Data segment >>
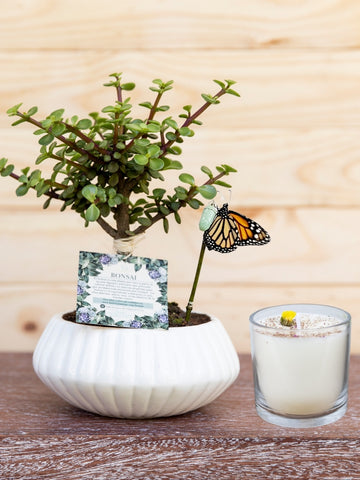 bonsai-de-jade-planta-de-la-suerte-planta-de-la-eternidad-vela-aromatica-regalos-regalo-para-mujer-regalos-de-condolencias-habibi-plantitas.jpg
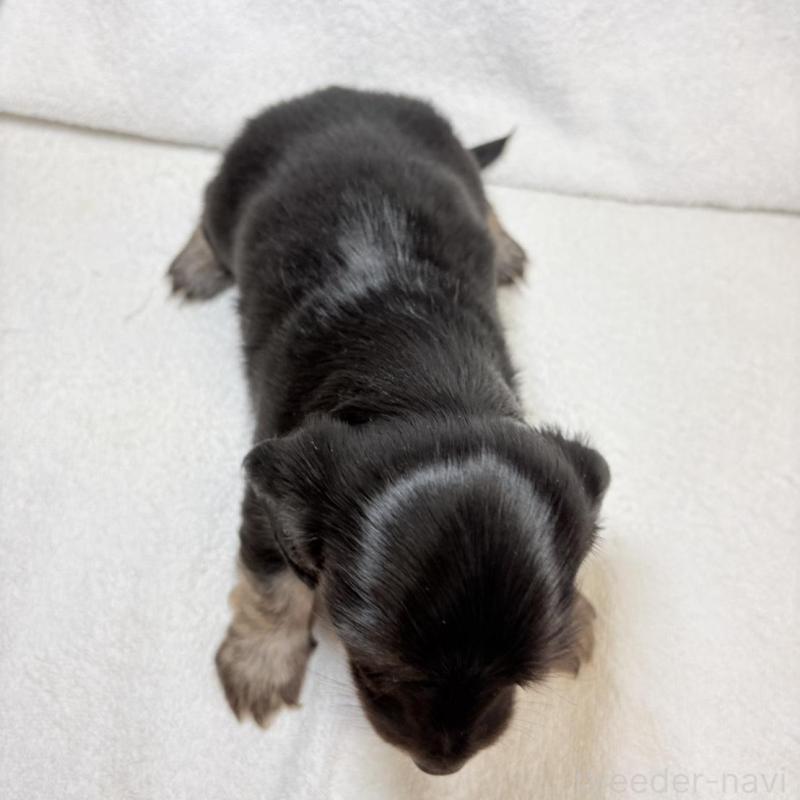 販売中の東京都のミニチュアダックスフンド(ロングヘアード)-450949の7枚目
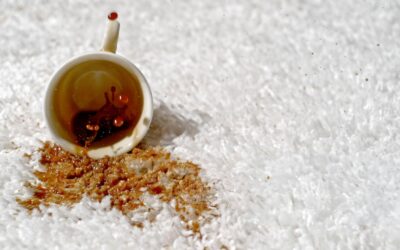 How to Remove Coffee Stains from your Area Rug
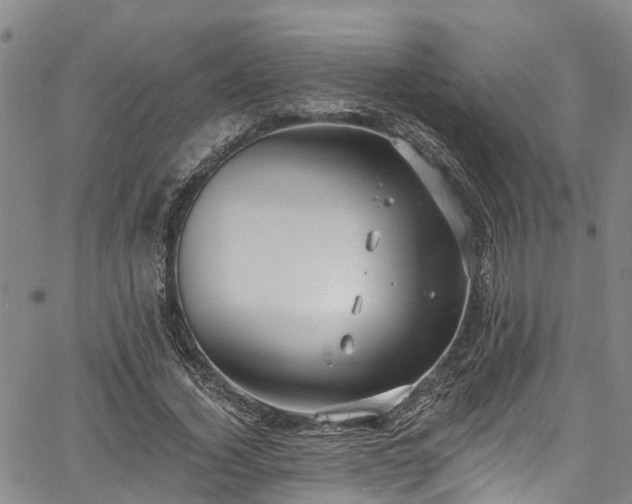 X0000067900732200604201334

What is needed >>
Pictures are to be omitted from the copy. Reproduce exactly, and only, the lines from the one containing "販売中の東京都のミニチュアダ" to the end of the listing above.

The completed task >>
 販売中の東京都のミニチュアダックスフンド(ロングヘアード)-450949の7枚目
 How to Remove Coffee Stains from your Area Rug
 X0000067900732200604201334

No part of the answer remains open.